Subir salarios por decreto no baja la inflación
Costo interno
Una medida con efecto de segunda ronda Si el salario mínimo vuelve a usarse como respuesta política contra las tasas, el mensaje para precios es incómodo: más costos laborales, más indexación y menos margen para que la inflación converja hacia la meta.
El mercado mira la consistencia La discusión no es si los hogares necesitan más ingreso. Claro que lo necesitan. La pregunta es si una subida adicional, sin productividad que la respalde, termina trasladándose a precios y debilitando la confianza en el peso.
La independencia del Emisor se vuelve prima de riesgo
Señal institucional
La pelea tiene precio El choque público con el Banco de la República puede servir para culpar a otro actor por el bajo crecimiento, pero para los inversionistas abre una pregunta más seria: si la inflación sigue alta, ¿se respetará el diagnóstico técnico?
La credibilidad no se improvisa Cuando el banco central defiende estabilidad de precios y el Gobierno responde con presión política, el costo no aparece siempre en la TRM del mismo día. Aparece en expectativas, deuda pública y apetito por activos colombianos.
El dólar bajo no elimina el riesgo cambiario
Tasa de cambio
La TRM sigue bajo $3.600 La TRM del 22 de abril fue reportada en $3.576,05 por dólar, una señal de peso fuerte frente a meses anteriores. Pero ese nivel también aumenta la sensibilidad: cualquier deterioro de expectativas puede producir ajustes rápidos.
Fortaleza prestada Parte del soporte del peso viene de tasas altas y de un entorno externo que todavía favorece ciertas monedas emergentes. Si el Gobierno erosiona esa ancla con ruido salarial y presión al Emisor, el dólar recupera argumentos.
La reunión de abril será una prueba de confianza
Expectativas BanRep
El 30 de abril pesa más de lo normal El calendario del Banco de la República marca decisión de tasa para el 30 de abril y periodo de silencio entre el 24 y el 30. Con la inflación por encima de la meta, el mercado leerá tanto la decisión como el tono institucional.
El riesgo es una mala lectura política Si el Ejecutivo trata una decisión técnica como una provocación ideológica, el país manda una señal peligrosa: que la estabilidad monetaria puede quedar subordinada al cálculo político de corto plazo.

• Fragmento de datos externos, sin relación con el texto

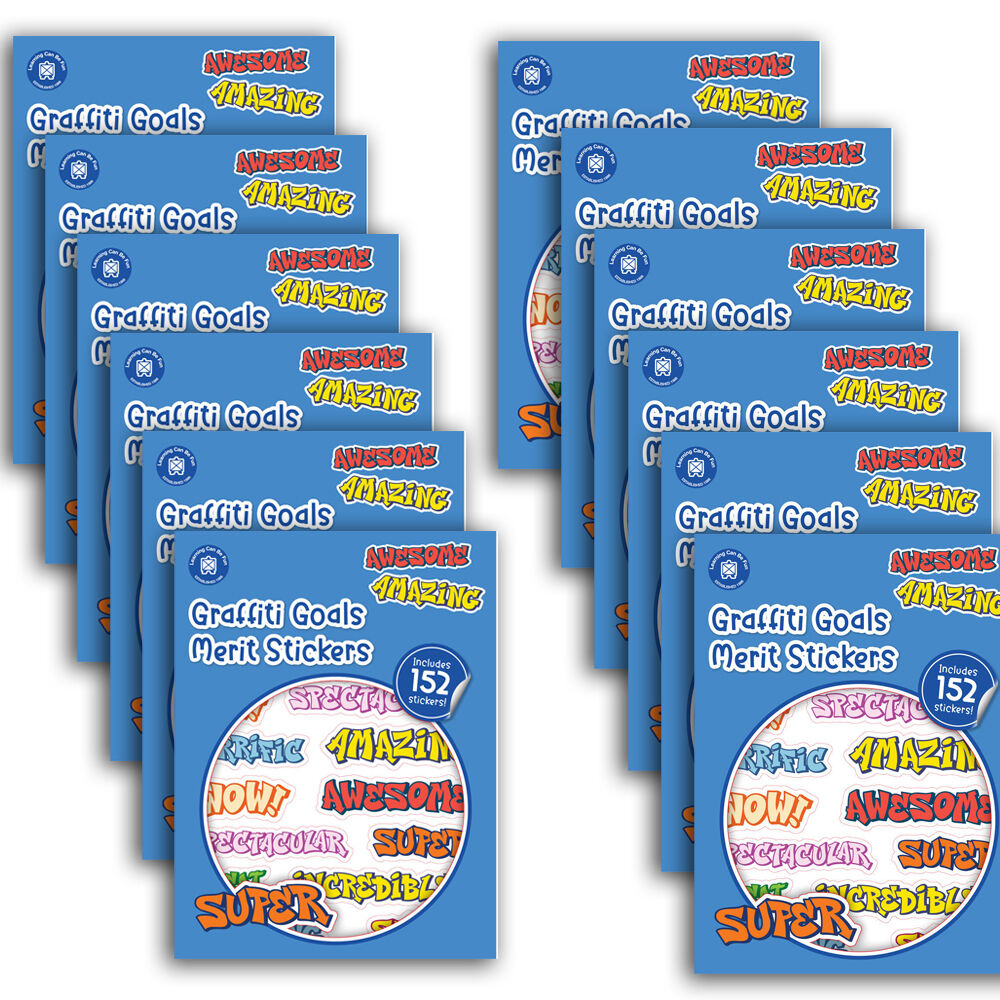 12x 152pc Learning Can Be Fun Graffiti Goals Merit Sticker Book Multicoloured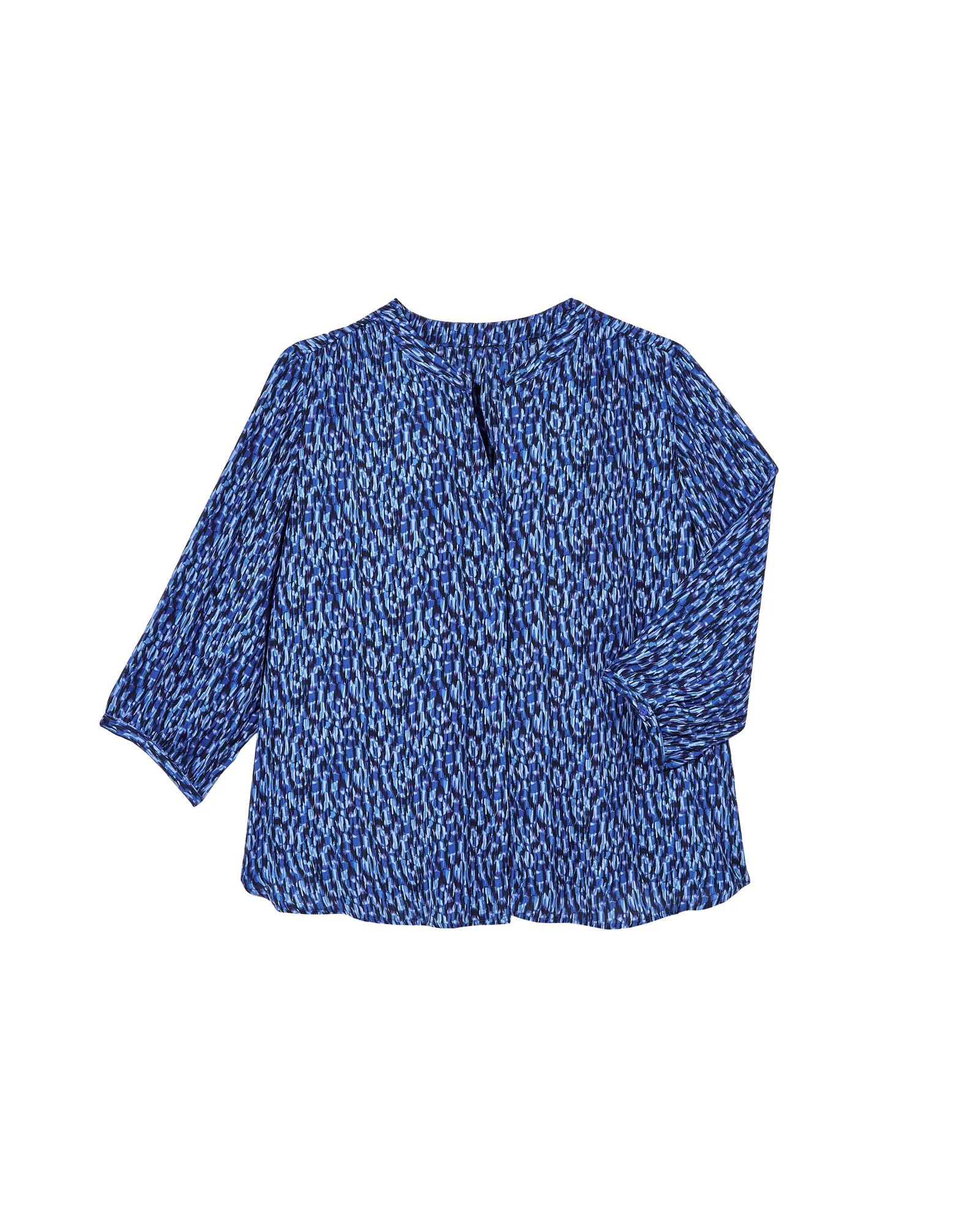 Joanna Three-Quarter Sleeve Blouse | Royal Blue / Black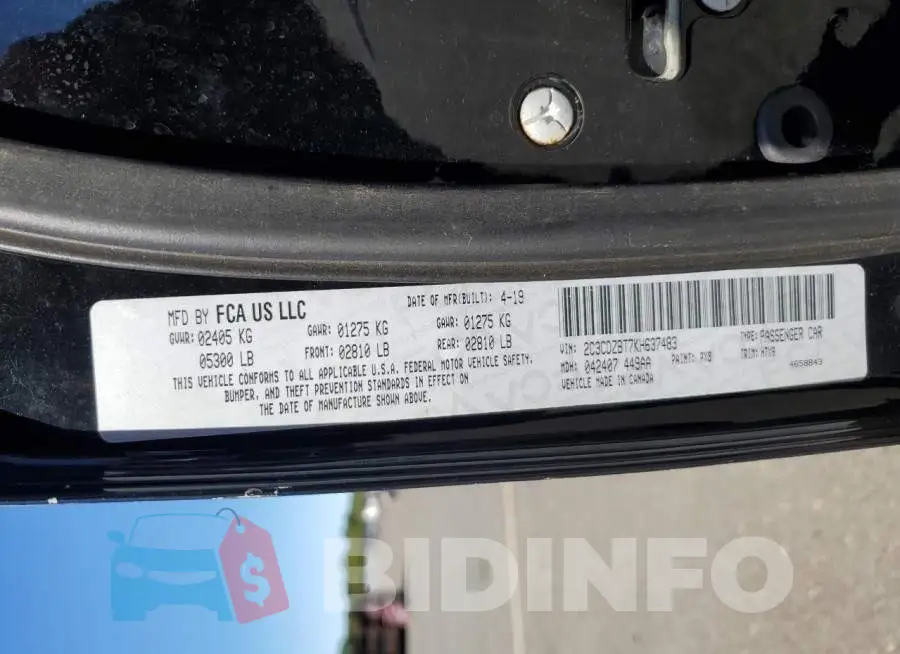 2C3CDZBT7KH637483 Photo# 10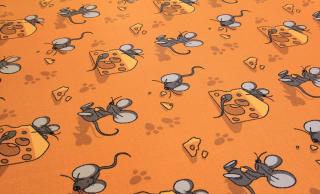 Metrážový detský koberec myši Oscar 004 béžový (Detský)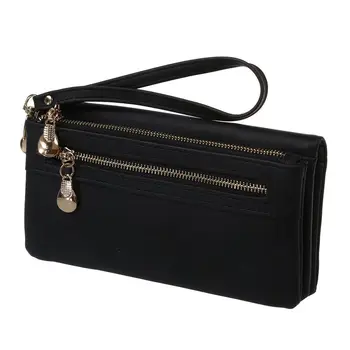 

Women Wallets Hot Fashion Multifunctional PU Leather Clutch Lady Purse Phone bag black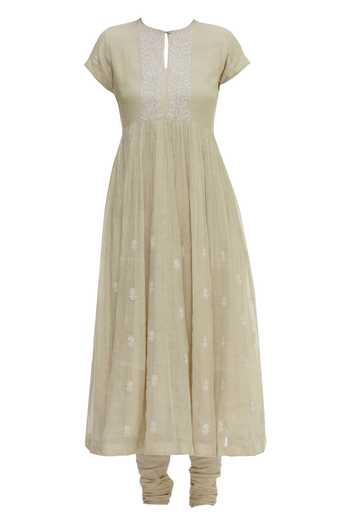 Buy_Myra By Anju Narain_Gold Tissue Chikankari Anarkali Set_Online_at_Aza_Fashions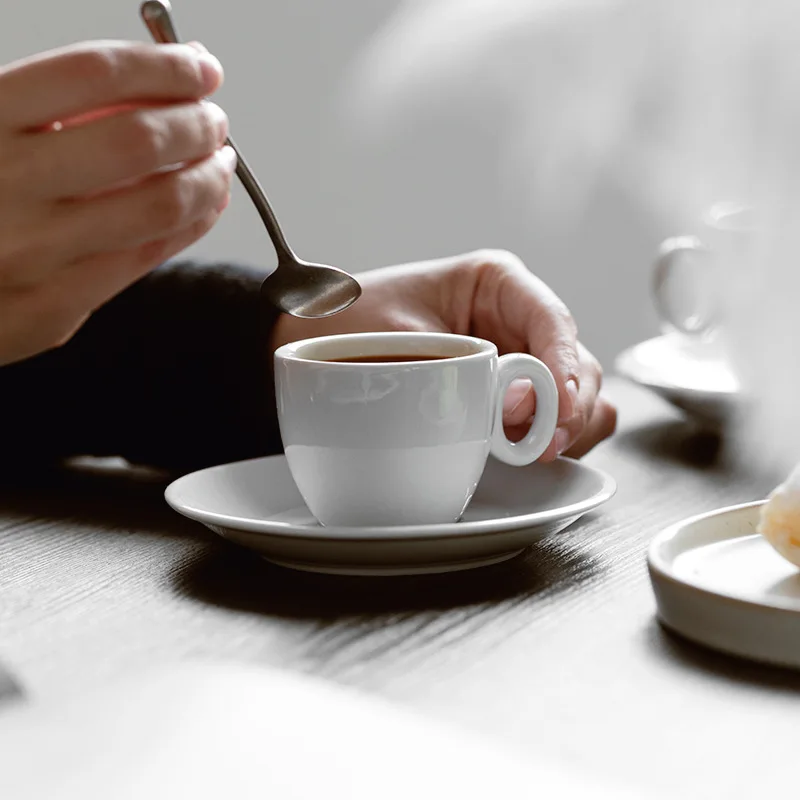 
100ml Coffee Cup European Style White Ceramic With Saucer High Temperature Resistant Italian Black Coffee Cup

La tesis de fondo es sencilla: Colombia no puede pedir un peso estable mientras ataca las instituciones que sostienen esa estabilidad. El Banco de la República no sube tasas por gusto ni por capricho. Lo hace porque la inflación anual sigue lejos del 3% y porque los aumentos de precios no se corrigen con discursos, sino con señales creíbles.

El Gobierno tiene derecho a preocuparse por el empleo y el crecimiento. Pero una cosa es debatir la velocidad del ajuste monetario y otra muy distinta es amenazar con una nueva ronda salarial como respuesta a la autoridad monetaria. Esa lógica puede sonar popular en una alocución, pero en el mercado se lee como presión inflacionaria adicional.

Para quienes compran o venden dólares en Colombia, el punto práctico es claro: el dólar barato no debe confundirse con riesgo bajo. Si la política económica transmite que cada decisión técnica será respondida con una medida de choque, el peso queda expuesto a un cambio de humor. Y cuando el humor cambia, la demanda por dólares suele aparecer antes de que el Gobierno admita el problema.